> **Task**
When the line with "aerial view featuring view of golf course" turns up below, begin repeating exactly, and carry on through the line with "Moda Mujer Cuero"; no pictures go into the copy.

> **Exercise materials**
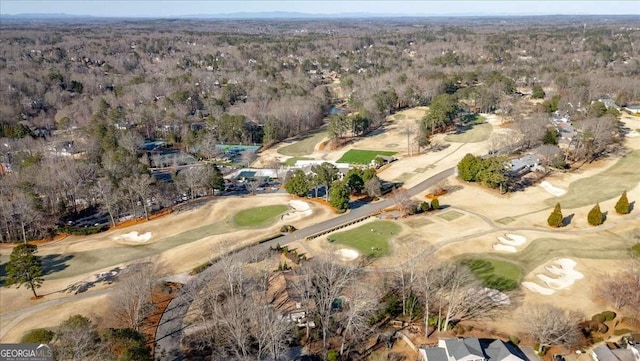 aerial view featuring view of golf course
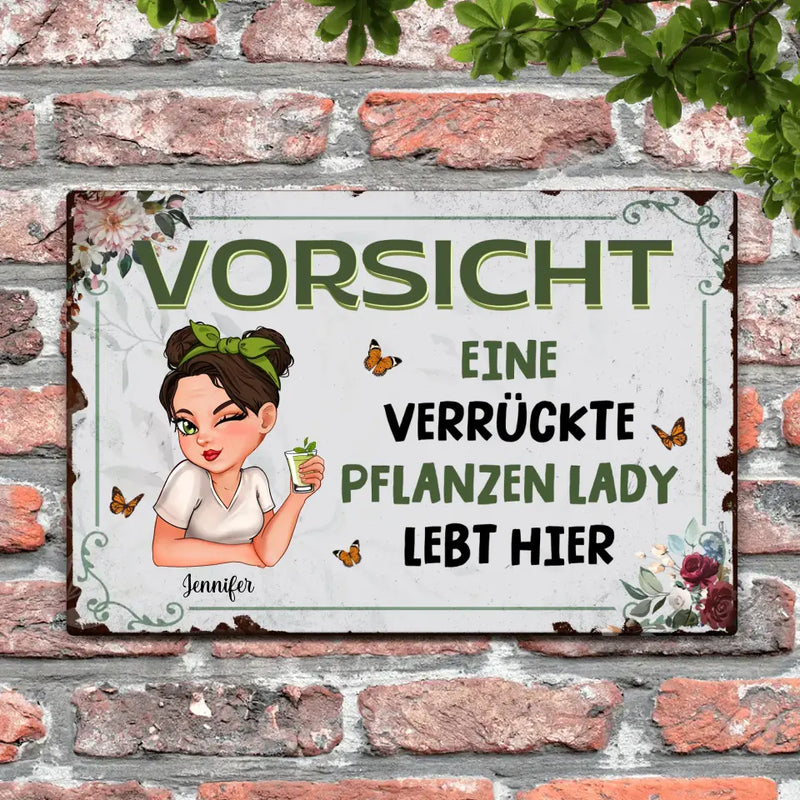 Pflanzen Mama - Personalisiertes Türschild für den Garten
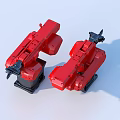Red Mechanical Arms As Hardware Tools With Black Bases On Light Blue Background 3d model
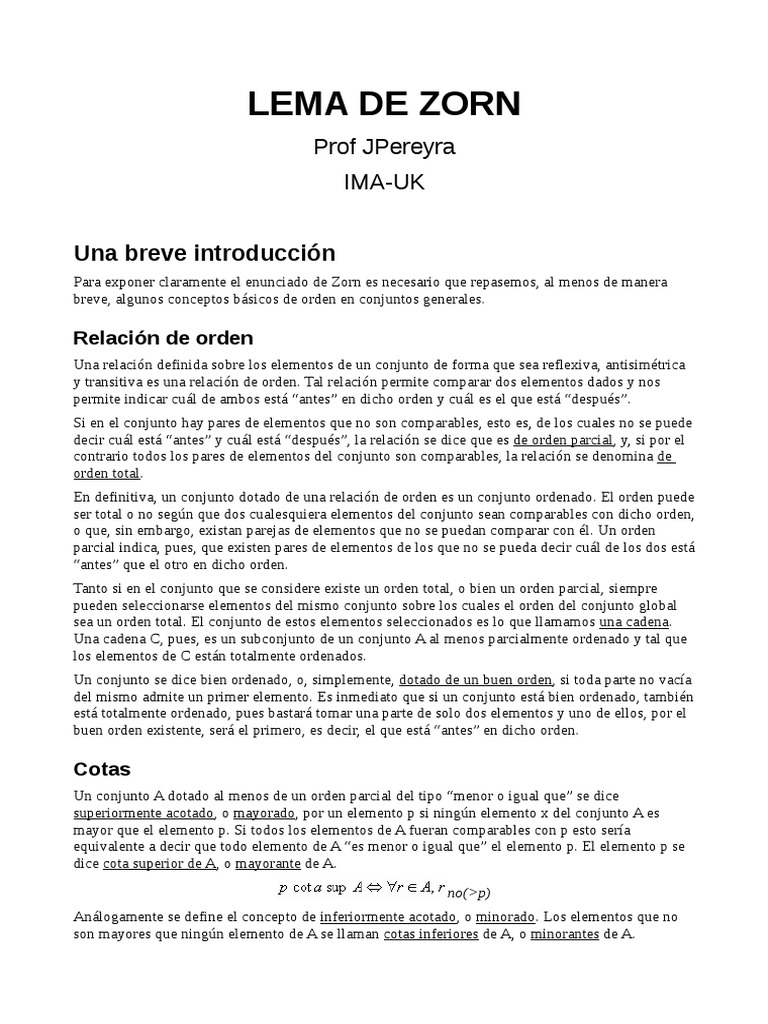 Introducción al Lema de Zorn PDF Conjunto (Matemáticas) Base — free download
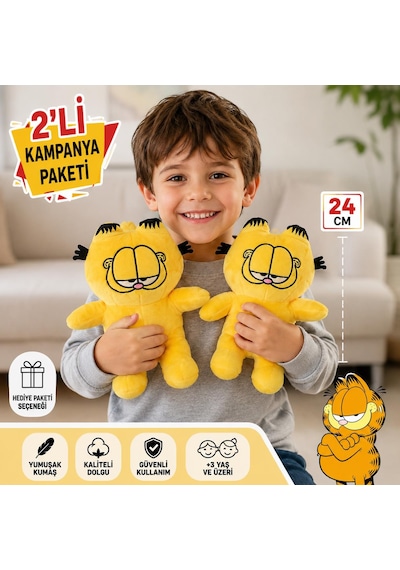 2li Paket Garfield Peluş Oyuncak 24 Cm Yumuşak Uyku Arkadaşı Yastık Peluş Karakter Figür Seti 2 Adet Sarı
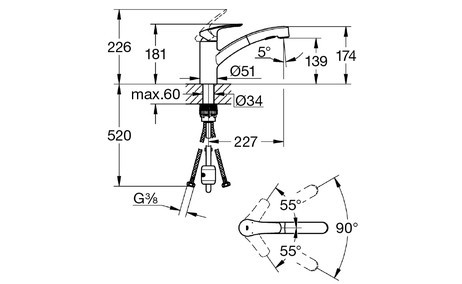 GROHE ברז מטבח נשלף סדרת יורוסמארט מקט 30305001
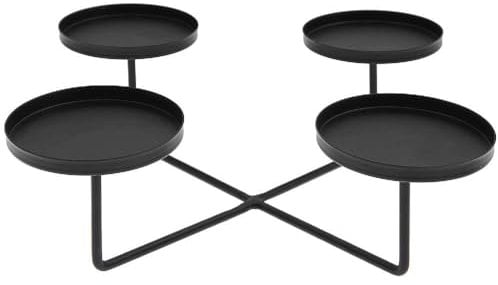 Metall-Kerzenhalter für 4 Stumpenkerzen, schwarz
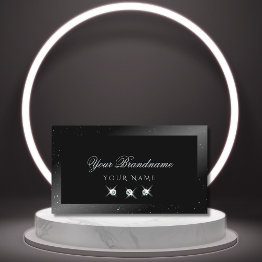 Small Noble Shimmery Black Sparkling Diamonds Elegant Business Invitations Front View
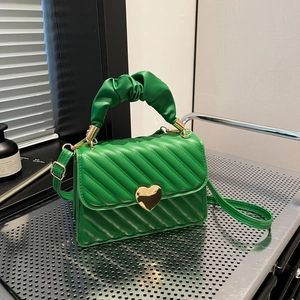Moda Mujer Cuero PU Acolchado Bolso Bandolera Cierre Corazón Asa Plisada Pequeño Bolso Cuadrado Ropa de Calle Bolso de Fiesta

--

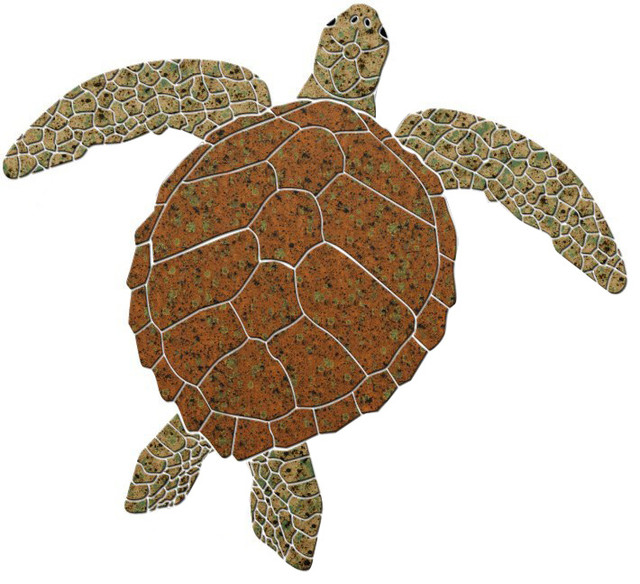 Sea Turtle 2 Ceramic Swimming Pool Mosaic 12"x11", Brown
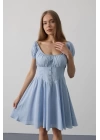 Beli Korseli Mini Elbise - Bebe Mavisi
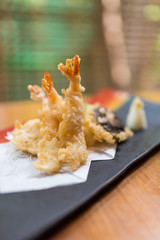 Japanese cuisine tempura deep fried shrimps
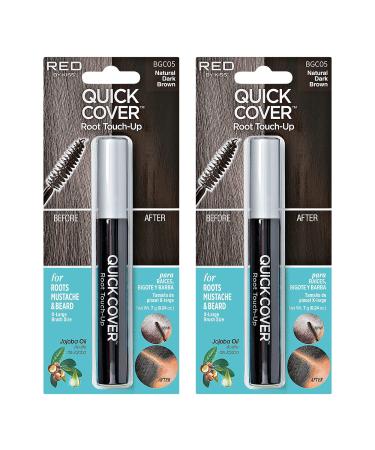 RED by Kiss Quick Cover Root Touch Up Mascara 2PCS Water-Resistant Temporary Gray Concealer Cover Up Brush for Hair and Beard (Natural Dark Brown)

--

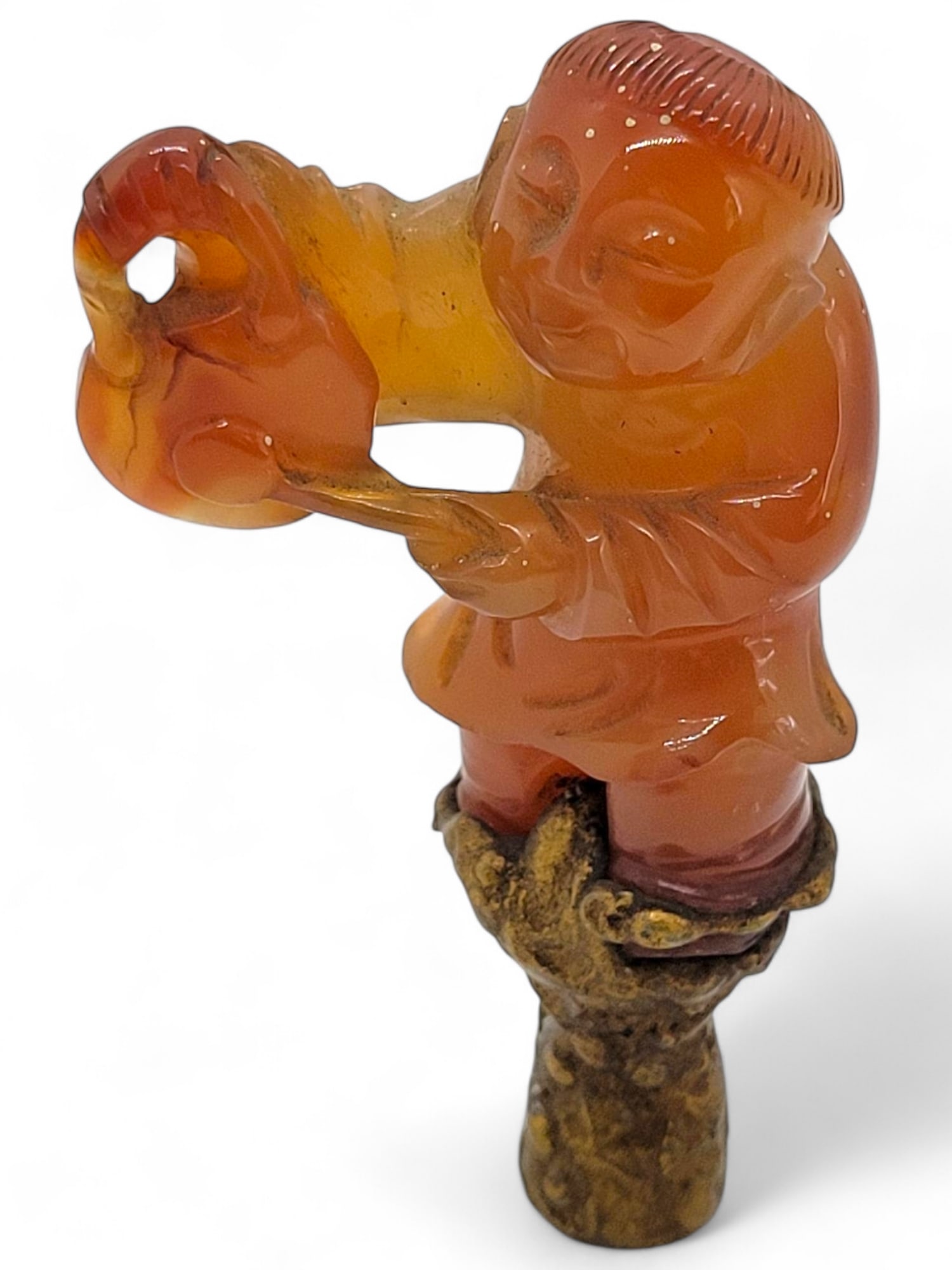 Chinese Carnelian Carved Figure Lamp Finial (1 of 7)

> **Result of the task**
 aerial view featuring view of golf course
 Pflanzen Mama - Personalisiertes Türschild für den Garten
Red Mechanical Arms As Hardware Tools With Black Bases On Light Blue Background 3d model
 Introducción al Lema de Zorn PDF Conjunto (Matemáticas) Base — free download
 2li Paket Garfield Peluş Oyuncak 24 Cm Yumuşak Uyku Arkadaşı Yastık Peluş Karakter Figür Seti 2 Adet Sarı
 GROHE ברז מטבח נשלף סדרת יורוסמארט מקט 30305001
 Metall-Kerzenhalter für 4 Stumpenkerzen, schwarz
 Small Noble Shimmery Black Sparkling Diamonds Elegant Business Invitations Front View
Moda Mujer Cuero PU Acolchado Bolso Bandolera Cierre Corazón Asa Plisada Pequeño Bolso Cuadrado Ropa de Calle Bolso de Fiesta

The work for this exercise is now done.